DIRECTIONS FOR THIS TASK
If a line in the entries includes "Gold", show that line.

RECORD SET
######

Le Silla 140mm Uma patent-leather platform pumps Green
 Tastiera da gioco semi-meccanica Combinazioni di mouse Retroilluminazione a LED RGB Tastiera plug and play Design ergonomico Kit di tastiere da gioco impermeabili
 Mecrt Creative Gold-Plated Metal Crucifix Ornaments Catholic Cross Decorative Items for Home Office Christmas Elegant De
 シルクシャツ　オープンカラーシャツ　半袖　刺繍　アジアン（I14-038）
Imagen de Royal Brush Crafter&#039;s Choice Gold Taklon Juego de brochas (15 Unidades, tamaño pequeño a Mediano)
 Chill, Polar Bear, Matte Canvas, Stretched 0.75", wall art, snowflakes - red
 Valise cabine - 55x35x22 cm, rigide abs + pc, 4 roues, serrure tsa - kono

######

RESULT FOR THIS EXERCISE
 Mecrt Creative Gold-Plated Metal Crucifix Ornaments Catholic Cross Decorative Items for Home Office Christmas Elegant De
Imagen de Royal Brush Crafter&#039;s Choice Gold Taklon Juego de brochas (15 Unidades, tamaño pequeño a Mediano)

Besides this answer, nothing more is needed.